▸ **Activity**: Your task is to output the listing word for word, with pictures excluded.

▸ **Supplied information**:
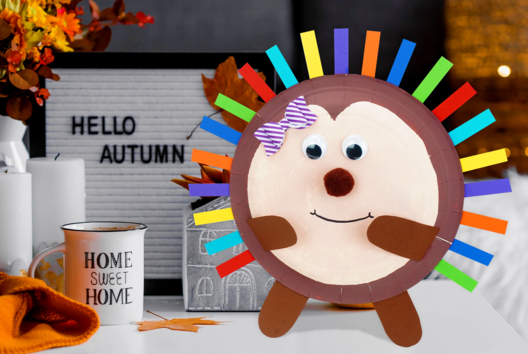 Hedgehog with a Plate and Paper Strips - 3 - Autumn Crafts - 10doigts.com - Autumn Crafts - 10doigts.fr - 2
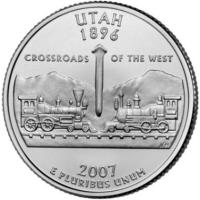 USA -2007 - 25 Centów - UTAH - STANY USA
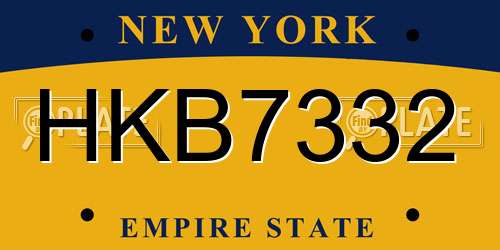 HKB7332 New York License Plate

▸ **Answer**:
 Hedgehog with a Plate and Paper Strips - 3 - Autumn Crafts - 10doigts.com - Autumn Crafts - 10doigts.fr - 2
 USA -2007 - 25 Centów - UTAH - STANY USA
 HKB7332 New York License Plate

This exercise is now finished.